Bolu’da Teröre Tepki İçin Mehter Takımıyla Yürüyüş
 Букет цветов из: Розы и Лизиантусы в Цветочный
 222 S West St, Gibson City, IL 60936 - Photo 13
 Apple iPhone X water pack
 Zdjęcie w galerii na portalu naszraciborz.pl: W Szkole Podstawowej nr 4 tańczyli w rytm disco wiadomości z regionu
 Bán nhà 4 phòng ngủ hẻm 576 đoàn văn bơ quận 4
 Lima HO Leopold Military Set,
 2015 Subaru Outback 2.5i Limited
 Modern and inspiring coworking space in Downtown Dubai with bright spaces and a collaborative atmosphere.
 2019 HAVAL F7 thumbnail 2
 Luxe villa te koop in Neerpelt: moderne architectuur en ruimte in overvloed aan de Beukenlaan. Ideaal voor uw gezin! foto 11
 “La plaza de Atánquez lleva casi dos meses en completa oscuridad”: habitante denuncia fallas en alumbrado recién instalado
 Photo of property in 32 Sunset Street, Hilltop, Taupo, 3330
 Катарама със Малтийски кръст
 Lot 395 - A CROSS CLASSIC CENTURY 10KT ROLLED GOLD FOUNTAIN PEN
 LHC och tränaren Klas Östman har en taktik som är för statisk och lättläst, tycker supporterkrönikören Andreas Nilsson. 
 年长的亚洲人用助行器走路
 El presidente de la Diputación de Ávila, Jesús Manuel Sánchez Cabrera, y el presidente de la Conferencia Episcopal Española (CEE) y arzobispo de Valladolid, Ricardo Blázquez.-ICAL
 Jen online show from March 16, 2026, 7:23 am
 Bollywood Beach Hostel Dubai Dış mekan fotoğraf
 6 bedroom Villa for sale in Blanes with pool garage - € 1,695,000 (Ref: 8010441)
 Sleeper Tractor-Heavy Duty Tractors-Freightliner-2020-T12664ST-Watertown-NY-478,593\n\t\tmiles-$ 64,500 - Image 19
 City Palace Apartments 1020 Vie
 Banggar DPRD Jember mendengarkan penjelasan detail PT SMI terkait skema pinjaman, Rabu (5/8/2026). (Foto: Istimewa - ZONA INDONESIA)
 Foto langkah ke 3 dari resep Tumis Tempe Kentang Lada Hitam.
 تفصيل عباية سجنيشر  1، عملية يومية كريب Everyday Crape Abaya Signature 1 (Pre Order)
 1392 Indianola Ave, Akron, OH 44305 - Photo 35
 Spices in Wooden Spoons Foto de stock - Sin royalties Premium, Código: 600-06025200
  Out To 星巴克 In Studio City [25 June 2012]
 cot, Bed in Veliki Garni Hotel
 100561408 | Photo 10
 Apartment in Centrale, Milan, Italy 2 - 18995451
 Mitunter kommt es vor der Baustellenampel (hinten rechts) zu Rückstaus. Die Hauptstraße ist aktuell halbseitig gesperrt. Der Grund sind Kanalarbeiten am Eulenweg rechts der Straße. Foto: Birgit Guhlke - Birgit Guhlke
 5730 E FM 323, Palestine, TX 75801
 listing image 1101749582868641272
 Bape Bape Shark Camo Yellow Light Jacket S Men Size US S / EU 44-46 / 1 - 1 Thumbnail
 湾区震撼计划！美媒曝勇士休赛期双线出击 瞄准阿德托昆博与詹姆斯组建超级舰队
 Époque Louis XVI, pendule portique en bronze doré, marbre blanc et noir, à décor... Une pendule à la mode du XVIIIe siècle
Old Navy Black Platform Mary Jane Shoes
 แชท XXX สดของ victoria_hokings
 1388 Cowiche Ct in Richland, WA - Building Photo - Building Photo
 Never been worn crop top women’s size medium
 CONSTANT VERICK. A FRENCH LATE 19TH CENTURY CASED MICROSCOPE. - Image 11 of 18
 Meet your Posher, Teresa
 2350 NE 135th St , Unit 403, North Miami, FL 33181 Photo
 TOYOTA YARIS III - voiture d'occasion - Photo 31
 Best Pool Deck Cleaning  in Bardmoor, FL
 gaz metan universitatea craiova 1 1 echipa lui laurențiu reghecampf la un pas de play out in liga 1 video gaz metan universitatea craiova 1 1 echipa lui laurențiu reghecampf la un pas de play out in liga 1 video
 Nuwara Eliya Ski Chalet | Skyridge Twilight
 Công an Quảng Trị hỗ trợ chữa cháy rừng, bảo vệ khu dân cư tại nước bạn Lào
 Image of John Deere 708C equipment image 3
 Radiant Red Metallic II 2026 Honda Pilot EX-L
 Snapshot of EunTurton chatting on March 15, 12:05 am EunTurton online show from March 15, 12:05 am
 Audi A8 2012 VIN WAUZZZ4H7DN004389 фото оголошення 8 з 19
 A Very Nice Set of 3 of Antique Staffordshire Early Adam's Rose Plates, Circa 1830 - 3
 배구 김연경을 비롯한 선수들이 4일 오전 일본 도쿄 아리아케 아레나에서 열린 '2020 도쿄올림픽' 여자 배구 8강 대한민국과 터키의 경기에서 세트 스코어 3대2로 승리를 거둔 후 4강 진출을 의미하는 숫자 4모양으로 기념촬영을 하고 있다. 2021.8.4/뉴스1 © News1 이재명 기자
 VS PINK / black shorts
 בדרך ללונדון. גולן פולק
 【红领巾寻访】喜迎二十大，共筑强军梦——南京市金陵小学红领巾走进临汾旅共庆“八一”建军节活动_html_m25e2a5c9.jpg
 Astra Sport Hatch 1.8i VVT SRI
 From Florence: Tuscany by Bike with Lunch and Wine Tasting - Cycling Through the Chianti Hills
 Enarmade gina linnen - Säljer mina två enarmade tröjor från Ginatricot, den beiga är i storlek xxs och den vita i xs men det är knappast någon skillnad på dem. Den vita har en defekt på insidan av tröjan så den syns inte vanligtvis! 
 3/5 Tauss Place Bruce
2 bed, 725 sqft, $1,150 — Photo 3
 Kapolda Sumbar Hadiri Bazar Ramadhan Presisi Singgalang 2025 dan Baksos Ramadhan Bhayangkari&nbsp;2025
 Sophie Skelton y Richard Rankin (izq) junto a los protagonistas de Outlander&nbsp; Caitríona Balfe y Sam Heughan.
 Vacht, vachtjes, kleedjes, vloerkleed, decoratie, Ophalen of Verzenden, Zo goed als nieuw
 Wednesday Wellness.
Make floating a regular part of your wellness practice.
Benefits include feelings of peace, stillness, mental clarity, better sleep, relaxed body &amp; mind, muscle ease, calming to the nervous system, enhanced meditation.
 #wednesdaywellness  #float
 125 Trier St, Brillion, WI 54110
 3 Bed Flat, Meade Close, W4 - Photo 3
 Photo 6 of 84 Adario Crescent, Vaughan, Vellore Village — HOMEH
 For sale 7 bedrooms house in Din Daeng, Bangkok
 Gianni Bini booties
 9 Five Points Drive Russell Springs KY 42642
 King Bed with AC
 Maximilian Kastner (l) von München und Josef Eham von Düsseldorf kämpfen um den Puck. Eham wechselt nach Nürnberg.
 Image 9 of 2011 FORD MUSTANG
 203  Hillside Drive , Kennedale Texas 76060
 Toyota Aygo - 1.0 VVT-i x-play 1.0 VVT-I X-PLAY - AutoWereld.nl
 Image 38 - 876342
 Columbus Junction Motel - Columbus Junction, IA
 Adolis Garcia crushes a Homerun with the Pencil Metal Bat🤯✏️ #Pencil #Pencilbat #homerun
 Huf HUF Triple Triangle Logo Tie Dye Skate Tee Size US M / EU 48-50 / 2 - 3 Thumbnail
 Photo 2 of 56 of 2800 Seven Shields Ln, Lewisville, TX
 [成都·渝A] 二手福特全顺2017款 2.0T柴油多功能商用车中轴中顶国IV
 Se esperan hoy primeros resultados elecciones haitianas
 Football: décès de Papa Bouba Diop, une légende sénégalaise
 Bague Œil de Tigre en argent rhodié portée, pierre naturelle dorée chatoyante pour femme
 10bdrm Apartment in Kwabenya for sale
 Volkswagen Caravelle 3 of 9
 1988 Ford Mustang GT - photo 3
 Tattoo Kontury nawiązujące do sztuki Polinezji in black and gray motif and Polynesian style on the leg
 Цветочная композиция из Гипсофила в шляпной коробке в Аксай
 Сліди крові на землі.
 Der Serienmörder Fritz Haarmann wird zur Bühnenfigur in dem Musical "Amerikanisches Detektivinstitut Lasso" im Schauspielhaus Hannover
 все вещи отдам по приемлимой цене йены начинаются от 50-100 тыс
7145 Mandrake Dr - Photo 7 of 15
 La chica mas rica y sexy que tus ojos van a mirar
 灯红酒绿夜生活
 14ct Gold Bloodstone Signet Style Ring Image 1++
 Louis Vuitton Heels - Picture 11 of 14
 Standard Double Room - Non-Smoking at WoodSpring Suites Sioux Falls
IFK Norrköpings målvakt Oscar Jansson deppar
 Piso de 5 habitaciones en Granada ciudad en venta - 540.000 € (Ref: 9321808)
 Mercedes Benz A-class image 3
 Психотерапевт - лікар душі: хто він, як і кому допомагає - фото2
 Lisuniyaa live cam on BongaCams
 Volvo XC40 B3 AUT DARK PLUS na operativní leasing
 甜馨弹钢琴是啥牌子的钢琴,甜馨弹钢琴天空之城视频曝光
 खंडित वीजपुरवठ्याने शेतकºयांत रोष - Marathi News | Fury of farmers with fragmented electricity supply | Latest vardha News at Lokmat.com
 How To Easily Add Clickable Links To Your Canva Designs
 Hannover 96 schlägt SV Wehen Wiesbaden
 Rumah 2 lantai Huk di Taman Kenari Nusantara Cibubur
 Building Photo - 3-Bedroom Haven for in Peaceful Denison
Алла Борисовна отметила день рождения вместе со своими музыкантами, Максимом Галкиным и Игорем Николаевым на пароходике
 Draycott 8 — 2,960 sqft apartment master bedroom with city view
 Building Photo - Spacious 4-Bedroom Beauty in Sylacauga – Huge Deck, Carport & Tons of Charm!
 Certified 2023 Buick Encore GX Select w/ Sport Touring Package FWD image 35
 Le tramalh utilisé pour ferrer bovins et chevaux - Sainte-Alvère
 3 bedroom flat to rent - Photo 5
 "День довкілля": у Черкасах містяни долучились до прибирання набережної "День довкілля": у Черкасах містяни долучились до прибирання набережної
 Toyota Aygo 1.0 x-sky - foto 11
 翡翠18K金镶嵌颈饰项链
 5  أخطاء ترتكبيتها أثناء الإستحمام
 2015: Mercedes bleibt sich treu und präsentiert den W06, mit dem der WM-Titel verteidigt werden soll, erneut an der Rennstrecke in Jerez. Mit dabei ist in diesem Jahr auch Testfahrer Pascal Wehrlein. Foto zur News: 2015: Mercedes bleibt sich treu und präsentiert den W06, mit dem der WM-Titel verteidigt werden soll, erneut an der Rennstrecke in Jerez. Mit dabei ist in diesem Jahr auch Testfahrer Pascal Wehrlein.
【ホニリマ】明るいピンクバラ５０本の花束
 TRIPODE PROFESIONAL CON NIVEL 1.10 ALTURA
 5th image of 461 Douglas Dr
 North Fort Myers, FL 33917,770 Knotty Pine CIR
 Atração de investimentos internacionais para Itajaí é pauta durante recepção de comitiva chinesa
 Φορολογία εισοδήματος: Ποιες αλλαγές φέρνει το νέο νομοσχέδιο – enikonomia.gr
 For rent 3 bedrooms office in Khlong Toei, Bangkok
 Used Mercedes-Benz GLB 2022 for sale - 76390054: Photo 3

AIM OF THE EXERCISE:
Go through the entries and copy every line with "bedrooms".

YOUR SOLUTION:
 For sale 7 bedrooms house in Din Daeng, Bangkok
 For rent 3 bedrooms office in Khlong Toei, Bangkok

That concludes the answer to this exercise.